→ Data in this exercise:
-*-*-

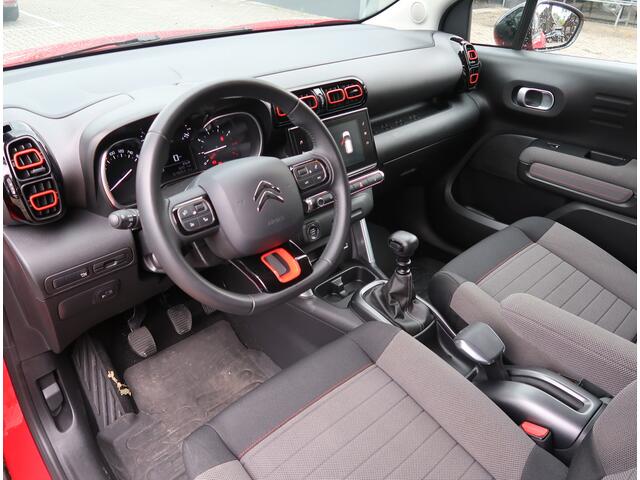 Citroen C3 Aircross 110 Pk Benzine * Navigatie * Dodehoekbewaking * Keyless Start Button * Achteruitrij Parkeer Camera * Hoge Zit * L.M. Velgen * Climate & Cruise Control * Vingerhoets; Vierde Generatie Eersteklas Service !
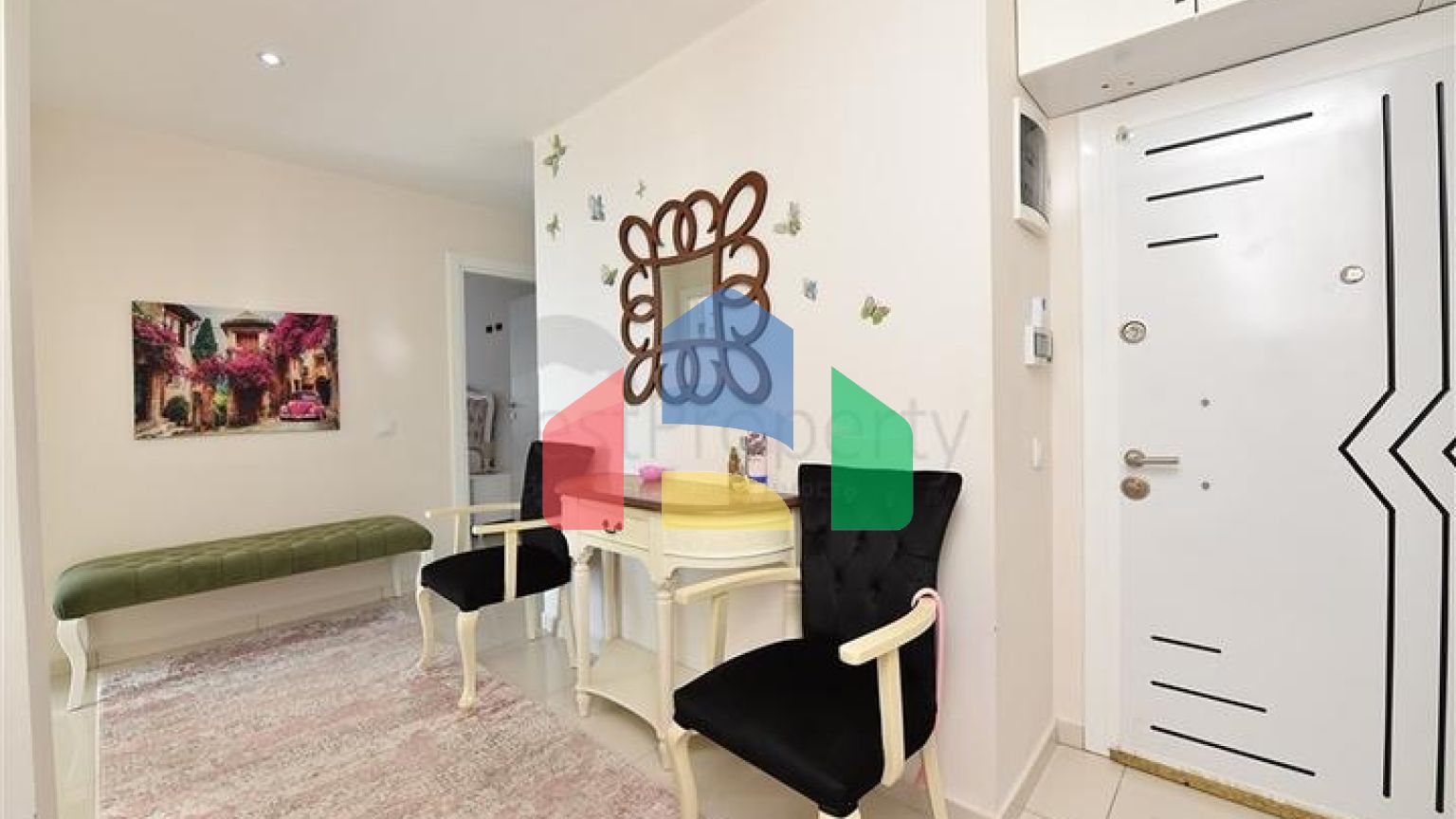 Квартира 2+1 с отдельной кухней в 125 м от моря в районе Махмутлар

-*-*-

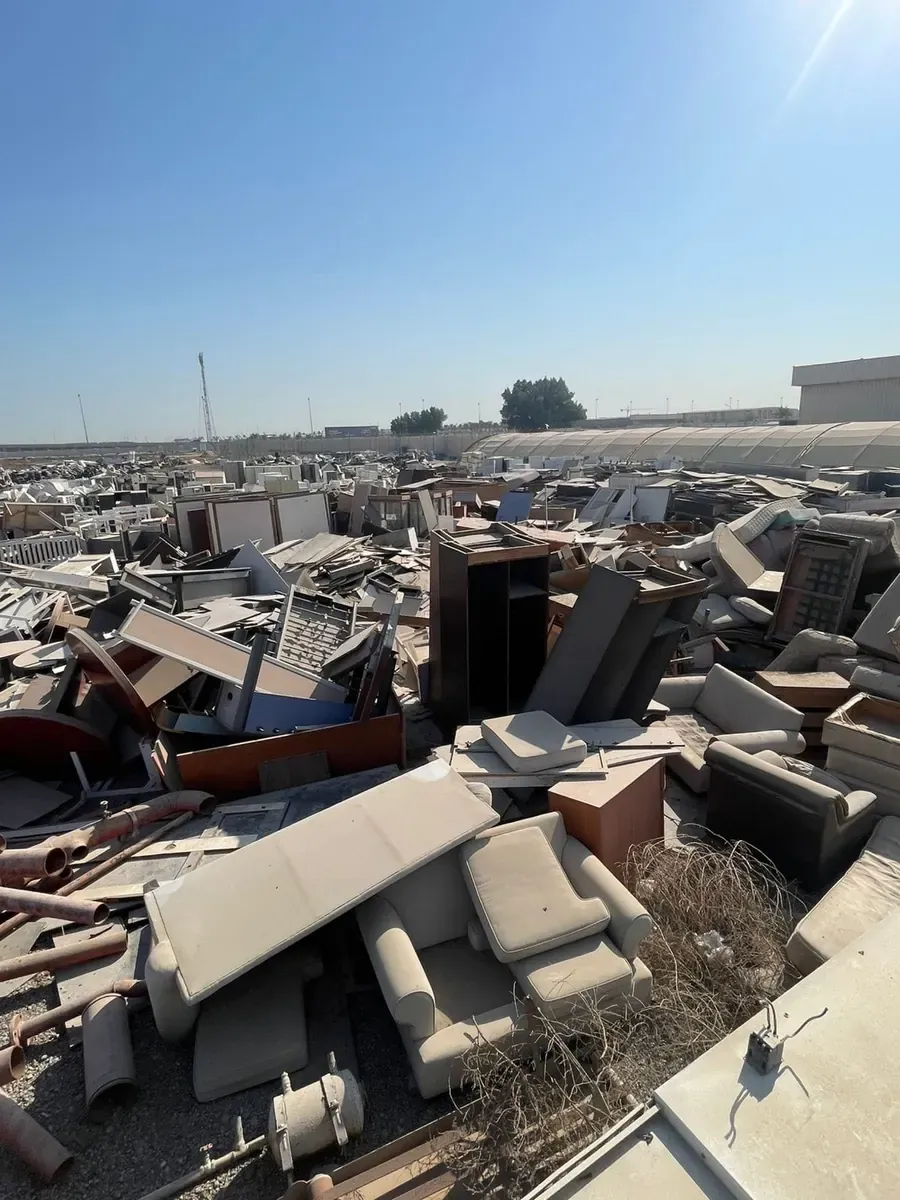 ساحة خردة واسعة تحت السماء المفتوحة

-*-*-

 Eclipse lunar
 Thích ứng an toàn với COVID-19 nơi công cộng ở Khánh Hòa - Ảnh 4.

-*-*-

→ What you will do:
Exact repeat of the material above: every line from the one with "Citroen C3 Aircross" through the one with "Квартира 2+1 с", endpoints included, and nothing more. No pictures.

→ Solution to the problem:
 Citroen C3 Aircross 110 Pk Benzine * Navigatie * Dodehoekbewaking * Keyless Start Button * Achteruitrij Parkeer Camera * Hoge Zit * L.M. Velgen * Climate & Cruise Control * Vingerhoets; Vierde Generatie Eersteklas Service !
 Квартира 2+1 с отдельной кухней в 125 м от моря в районе Махмутлар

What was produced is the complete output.